On March 3, 2022, President Biden signed into law the “Ending Forced Arbitration of Sexual Assault and Sexual Harassment Act of 2021.”  The new law amends the Federal Arbitration Act (“FAA”) to prohibit the required arbitration of sexual harassment and sexual assault claims.  The law applies not only to individual claims, but also class and collective claims.  The law essentially overturns, with respect to sexual harassment and assault claims, a string of U.S. Supreme Court cases that allow businesses to require not only arbitration of claims, but also waiver of the right to maintain a class or collective action.  By some estimates, more than 60 million American workers are subject to arbitration agreements.
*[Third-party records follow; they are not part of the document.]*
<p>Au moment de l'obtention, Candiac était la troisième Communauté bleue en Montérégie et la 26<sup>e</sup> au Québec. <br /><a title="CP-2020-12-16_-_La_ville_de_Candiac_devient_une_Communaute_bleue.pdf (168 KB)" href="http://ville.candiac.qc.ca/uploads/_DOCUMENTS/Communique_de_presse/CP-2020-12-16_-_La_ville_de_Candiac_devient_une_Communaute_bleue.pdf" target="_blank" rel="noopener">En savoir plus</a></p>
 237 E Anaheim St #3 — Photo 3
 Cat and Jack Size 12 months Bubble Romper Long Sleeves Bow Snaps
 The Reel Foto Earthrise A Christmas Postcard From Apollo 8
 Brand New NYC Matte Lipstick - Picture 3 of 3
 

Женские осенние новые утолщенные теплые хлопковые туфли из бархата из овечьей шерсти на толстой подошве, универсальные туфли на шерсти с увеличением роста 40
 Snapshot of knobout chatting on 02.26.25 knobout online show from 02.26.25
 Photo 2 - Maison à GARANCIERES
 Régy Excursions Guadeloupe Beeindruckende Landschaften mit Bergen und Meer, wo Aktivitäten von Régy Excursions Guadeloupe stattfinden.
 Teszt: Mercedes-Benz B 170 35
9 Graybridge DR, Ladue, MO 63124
The law further provides that the determination of whether a particular claim is exempted from mandatory arbitration as provided by the new law will be made by a court instead of an arbitrator, even if the agreement provides that an arbitrator is to make such a determination.

While the law prohibits businesses from requiring or mandating arbitration of sexual harassment or assault claims, it does not prohibit employees from voluntarily agreeing to arbitrate such claims if they wish to do so.

The law applies to any dispute or claim that arises or accrues on or after March 3, 2022 (the date of enactment of the law), meaning that even if an employee is subject to a current mandatory arbitration agreement, the agreement would be ineffective with respect to a sexual harassment claim that arose or accrued on or after March 3, 2022.